### What to do
Repeat every record exactly as given.

◇ ◇ ◇ ◇ ◇ ◇ ◇

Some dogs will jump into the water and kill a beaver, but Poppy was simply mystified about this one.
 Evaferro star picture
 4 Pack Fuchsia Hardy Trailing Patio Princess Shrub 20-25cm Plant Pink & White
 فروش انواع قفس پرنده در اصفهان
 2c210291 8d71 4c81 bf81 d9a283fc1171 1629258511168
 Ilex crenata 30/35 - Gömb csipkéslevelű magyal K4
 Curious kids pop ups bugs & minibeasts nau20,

◇ ◇ ◇ ◇ ◇ ◇ ◇

### Your solution
Some dogs will jump into the water and kill a beaver, but Poppy was simply mystified about this one.
 Evaferro star picture
 4 Pack Fuchsia Hardy Trailing Patio Princess Shrub 20-25cm Plant Pink & White
 فروش انواع قفس پرنده در اصفهان
 2c210291 8d71 4c81 bf81 d9a283fc1171 1629258511168
 Ilex crenata 30/35 - Gömb csipkéslevelű magyal K4
 Curious kids pop ups bugs & minibeasts nau20,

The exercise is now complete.